Re: [PATCHv7 2/2] watchdog/softlockup: report the most frequent interrupts

From: Thomas Gleixner
Date: Thu Feb 15 2024 - 06:30:24 EST


On Wed, Feb 14 2024 at 10:14, Bitao Hu wrote:
> +static void start_counting_irqs(void)
> +{
> + int i;
> + int local_nr_irqs;
> + struct irq_desc *desc;
> + u32 *counts = __this_cpu_read(hardirq_counts);
> +
> + if (!counts) {
> + /*
> + * nr_irqs has the potential to grow at runtime. We should read
> + * it and store locally to avoid array out-of-bounds access.
> + */
> + local_nr_irqs = nr_irqs;
> + counts = kcalloc(local_nr_irqs, sizeof(u32), GFP_ATOMIC);

Seriously? The system has a problem and you allocate memory from the
detection code in hard interrupt context?

> + if (!counts)
> + return;
> +
> + for (i = 0; i < local_nr_irqs; i++) {
> + desc = irq_to_desc(i);
> + if (!desc)
> + continue;
> + counts[i] = desc->kstat_irqs ?
> + *this_cpu_ptr(desc->kstat_irqs) : 0;
> + }

This code has absolutely no business to access an interrupt
descriptor.
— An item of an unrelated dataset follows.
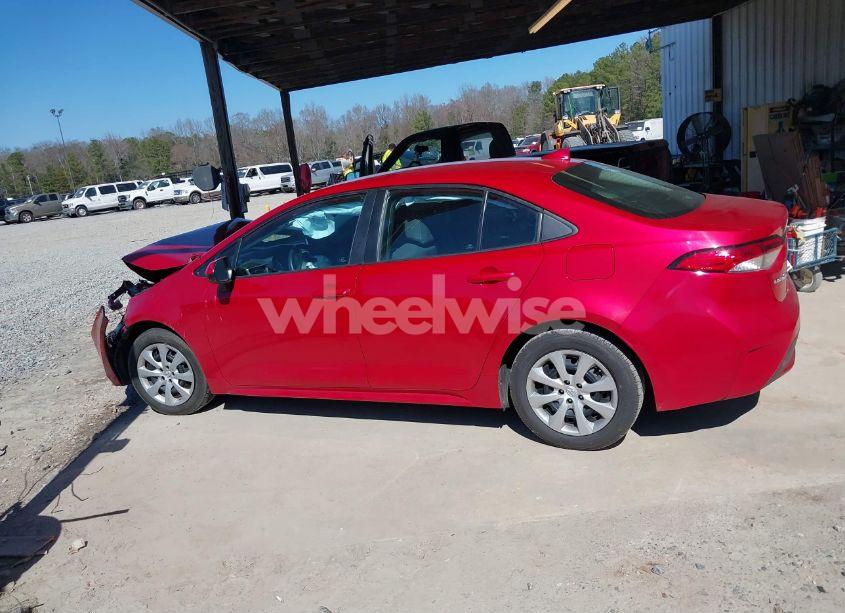 Photo 14 of 2021 Toyota Corolla LE (VIN 5YFEPMAE6MP189431)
There is an existing interface to retrieve the stats.

Also iterating one by one over the total number of interrupts is a
complete waste as the interrupt number space is sparse.

> + for (i = 0; i < NUM_HARDIRQ_REPORT; i++) {
> + if (irq_counts_sorted[i].irq == -1)
> + break;
> +
> + desc = irq_to_desc(irq_counts_sorted[i].irq);
> + if (desc && desc->action)
> + printk(KERN_CRIT "\t#%u: %-10u\tirq#%d(%s)\n",
> + i + 1, irq_counts_sorted[i].counts,
> + irq_counts_sorted[i].irq, desc->action->name);

You cannot dereference desc->action here:

1) It can be NULL'ed between check and dereference.

2) Both 'action' and 'action->name' can be freed in parallel

And no, you cannot take desc->lock here to prevent this. Stop fiddling
in the internals of interrupt descriptors.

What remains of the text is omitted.